Quelles sont les qualités requises pour exercer votre métier ?
Je dirais qu’il y a deux qualités principales : l’observation et l’autocritique. L’observation permet de repérer les petits détails qui rendent une animation réaliste — que ce soit dans la rue, dans un film, ou en analysant des références. Ensuite, il faut être capable de retranscrire ces observations de façon créative, sans simplement les copier.
Ensuite, il faut accepter la critique. Les retakes sont fréquents et font partie intégrante du processus. Être ouvert aux remarques, savoir se remettre en question et vouloir progresser sont des qualités essentielles. Quand on débute, il ne faut pas s’attendre à tout faire parfaitement du premier coup, mais plutôt être dans une logique d’amélioration constante.
Quel a été votre plus grand challenge professionnel ?

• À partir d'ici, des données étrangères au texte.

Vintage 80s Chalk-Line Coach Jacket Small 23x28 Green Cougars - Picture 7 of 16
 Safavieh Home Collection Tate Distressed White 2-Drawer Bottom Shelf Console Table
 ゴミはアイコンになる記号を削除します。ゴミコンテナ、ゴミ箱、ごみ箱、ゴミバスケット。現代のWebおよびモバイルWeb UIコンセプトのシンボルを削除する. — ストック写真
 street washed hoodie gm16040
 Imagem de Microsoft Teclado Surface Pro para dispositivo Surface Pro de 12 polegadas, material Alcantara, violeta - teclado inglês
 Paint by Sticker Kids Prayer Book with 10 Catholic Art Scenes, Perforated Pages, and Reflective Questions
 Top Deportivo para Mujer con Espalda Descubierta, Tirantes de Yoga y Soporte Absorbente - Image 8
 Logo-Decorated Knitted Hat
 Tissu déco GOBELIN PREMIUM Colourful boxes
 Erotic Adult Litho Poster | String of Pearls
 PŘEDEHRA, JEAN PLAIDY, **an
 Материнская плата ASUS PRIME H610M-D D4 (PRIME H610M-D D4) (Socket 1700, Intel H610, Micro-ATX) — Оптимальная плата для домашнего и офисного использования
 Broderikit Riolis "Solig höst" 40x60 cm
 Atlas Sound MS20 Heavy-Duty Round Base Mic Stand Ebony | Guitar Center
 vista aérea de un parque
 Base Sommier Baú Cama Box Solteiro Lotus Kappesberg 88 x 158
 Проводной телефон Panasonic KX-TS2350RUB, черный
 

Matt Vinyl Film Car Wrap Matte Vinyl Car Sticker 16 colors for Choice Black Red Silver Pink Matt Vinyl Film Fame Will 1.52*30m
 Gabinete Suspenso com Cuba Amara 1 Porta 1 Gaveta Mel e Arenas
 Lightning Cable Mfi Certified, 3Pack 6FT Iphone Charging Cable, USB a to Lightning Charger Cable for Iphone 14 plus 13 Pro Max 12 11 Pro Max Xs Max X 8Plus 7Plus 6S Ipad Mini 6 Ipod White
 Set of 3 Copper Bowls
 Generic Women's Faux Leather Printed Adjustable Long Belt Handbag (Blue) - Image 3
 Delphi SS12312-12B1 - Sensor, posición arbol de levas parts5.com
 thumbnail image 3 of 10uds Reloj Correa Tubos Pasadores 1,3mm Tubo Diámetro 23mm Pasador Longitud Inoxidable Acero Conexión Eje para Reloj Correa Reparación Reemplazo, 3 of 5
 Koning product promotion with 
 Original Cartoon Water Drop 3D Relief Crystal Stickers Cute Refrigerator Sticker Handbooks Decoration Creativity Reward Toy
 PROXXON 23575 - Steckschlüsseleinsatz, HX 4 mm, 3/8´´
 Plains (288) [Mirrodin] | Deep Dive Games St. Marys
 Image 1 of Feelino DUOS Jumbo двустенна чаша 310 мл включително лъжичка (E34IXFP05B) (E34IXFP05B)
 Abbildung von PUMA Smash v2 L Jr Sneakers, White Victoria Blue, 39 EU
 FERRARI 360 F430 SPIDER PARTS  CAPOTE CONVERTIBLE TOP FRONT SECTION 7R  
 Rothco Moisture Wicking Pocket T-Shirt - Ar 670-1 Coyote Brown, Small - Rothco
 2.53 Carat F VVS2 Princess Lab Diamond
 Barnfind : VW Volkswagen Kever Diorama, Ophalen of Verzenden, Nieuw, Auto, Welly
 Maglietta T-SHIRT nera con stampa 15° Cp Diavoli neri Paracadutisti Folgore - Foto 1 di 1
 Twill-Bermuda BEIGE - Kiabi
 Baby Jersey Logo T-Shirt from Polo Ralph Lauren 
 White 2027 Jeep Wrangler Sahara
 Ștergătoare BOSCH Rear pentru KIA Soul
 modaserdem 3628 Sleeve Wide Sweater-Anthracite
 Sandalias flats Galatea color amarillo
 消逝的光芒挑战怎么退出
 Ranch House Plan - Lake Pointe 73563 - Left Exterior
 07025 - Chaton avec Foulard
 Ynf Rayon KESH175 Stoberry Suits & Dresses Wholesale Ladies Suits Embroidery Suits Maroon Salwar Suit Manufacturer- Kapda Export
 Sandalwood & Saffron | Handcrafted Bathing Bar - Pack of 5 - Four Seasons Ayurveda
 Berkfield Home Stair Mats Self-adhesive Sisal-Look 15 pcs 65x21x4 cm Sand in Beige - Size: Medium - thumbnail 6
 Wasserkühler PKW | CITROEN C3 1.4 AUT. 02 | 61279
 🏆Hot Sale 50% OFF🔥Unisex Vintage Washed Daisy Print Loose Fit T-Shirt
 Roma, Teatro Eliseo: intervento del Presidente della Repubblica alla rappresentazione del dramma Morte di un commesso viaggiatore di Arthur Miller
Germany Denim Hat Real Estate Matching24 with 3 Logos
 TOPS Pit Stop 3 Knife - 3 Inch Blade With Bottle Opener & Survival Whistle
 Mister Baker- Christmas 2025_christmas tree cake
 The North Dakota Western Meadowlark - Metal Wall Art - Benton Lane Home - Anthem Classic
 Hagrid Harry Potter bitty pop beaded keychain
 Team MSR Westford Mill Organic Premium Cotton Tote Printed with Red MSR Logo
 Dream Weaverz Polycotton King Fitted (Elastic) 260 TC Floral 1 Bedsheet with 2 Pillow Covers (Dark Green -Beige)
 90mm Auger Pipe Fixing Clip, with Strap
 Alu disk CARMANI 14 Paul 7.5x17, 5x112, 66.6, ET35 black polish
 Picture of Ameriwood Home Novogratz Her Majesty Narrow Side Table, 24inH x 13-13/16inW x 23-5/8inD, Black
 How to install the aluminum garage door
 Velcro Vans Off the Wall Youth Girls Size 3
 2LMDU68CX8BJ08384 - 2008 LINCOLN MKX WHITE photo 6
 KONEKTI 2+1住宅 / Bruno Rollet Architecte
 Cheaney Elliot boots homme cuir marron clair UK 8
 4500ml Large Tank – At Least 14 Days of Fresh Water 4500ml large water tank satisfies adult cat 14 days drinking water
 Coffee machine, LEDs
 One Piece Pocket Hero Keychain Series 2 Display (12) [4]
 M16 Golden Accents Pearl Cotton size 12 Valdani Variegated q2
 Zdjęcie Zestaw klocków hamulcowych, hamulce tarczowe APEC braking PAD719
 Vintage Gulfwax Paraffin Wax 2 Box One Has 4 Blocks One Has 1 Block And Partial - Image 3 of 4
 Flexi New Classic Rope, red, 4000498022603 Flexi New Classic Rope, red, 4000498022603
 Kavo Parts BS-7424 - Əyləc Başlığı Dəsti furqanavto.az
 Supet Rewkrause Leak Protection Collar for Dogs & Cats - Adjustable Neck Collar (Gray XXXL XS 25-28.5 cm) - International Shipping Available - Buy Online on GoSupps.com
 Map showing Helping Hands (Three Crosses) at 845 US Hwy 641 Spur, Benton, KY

Il y en a eu plusieurs. Le premier, c’est simplement de trouver un emploi. Le contexte actuel est compliqué avec l’arrivée de l’IA, des licenciements, et des studios qui ferment. C’est un vrai challenge de se positionner sur le marché.
Dans les projets eux-mêmes, j’ai eu deux gros défis. Le premier, c’était sur Boom, mon film de fin d’études. J’ai dû apprendre un logiciel de gestion de foules un mois et demi avant le rendu final. C’était intense : nuits blanches, tests en urgence… Mais c’était aussi très stimulant. Je m’occupais aussi du design sonore, notamment des cris d’animaux, ce qui demandait pas mal de recherche et de créativité.
Le second, c’était sur Flow. On était beaucoup de juniors, avec des attentes très élevées en termes de qualité d’animation. Il a fallu se dépasser, et c’était un excellent tremplin : on a tous énormément progressé en peu de temps.
Pourquoi avoir choisi l’École des Nouvelles Images ?
C’est un choix qui s’est fait dans un contexte particulier. J’avais d’abord tenté le concours de MOPA, mais j’ai appris que Julien Deparis, le directeur, quittait l’école avec une partie de l’équipe pédagogique pour fonder l’ENSI. J’avais eu un bon feeling avec lui et son équipe, donc j’ai décidé de les suivre. J’ai eu les deux concours, mais j’ai choisi l’ENSI. Et je ne regrette rien : j’y ai passé cinq années exceptionnelles, tant sur le plan humain que professionnel.
Qu’est-ce que cette école vous a apporté ?
Beaucoup de choses. D’abord, une grande confiance en moi et un cadre bienveillant. On a pu toucher à toutes les facettes des métiers de l’animation, ce qui m’a permis d’avoir une vision complète du pipeline de production. Aujourd’hui, ça me sert énormément : je peux échanger avec les rigueurs, les modeleurs, les personnes en charge des textures ou des FX avec des termes précis. C’est un atout énorme en production. L’école m’a aussi permis de créer un premier lien avec le monde professionnel grâce aux matinales, des rencontres organisées avec des studios du secteur. Toute l’école peut y assister, poser des questions, et en cinquième année, présenter son projet de diplôme à ces professionnels. C’est une vraie opportunité pour se faire connaître et commencer à bâtir son réseau.
Quels sont vos projets pour l’avenir ?
Continuer à progresser, à me challenger, à monter en compétence. Je veux m’impliquer à fond dans ce métier qui me passionne. Et sur le long terme, j’aimerais revenir dans le Sud. Mais pour l’instant, je me concentre sur mon développement professionnel.
Quels conseils donneriez-vous à un étudiant souhaitant suivre votre voie ?
Accrochez-vous ! Ce n’est pas toujours simple, il y aura des problèmes techniques, des doutes, mais tout est surmontable. N’hésitez pas à poser des questions : les gens du milieu sont souvent très bienveillants. Et surtout, éclatez-vous. Ce métier est incroyable, il donne une vraie liberté créative. Si vous aimez ce que vous faites, ça se ressentira dans votre travail — et ça, c’est la clé pour aller loin.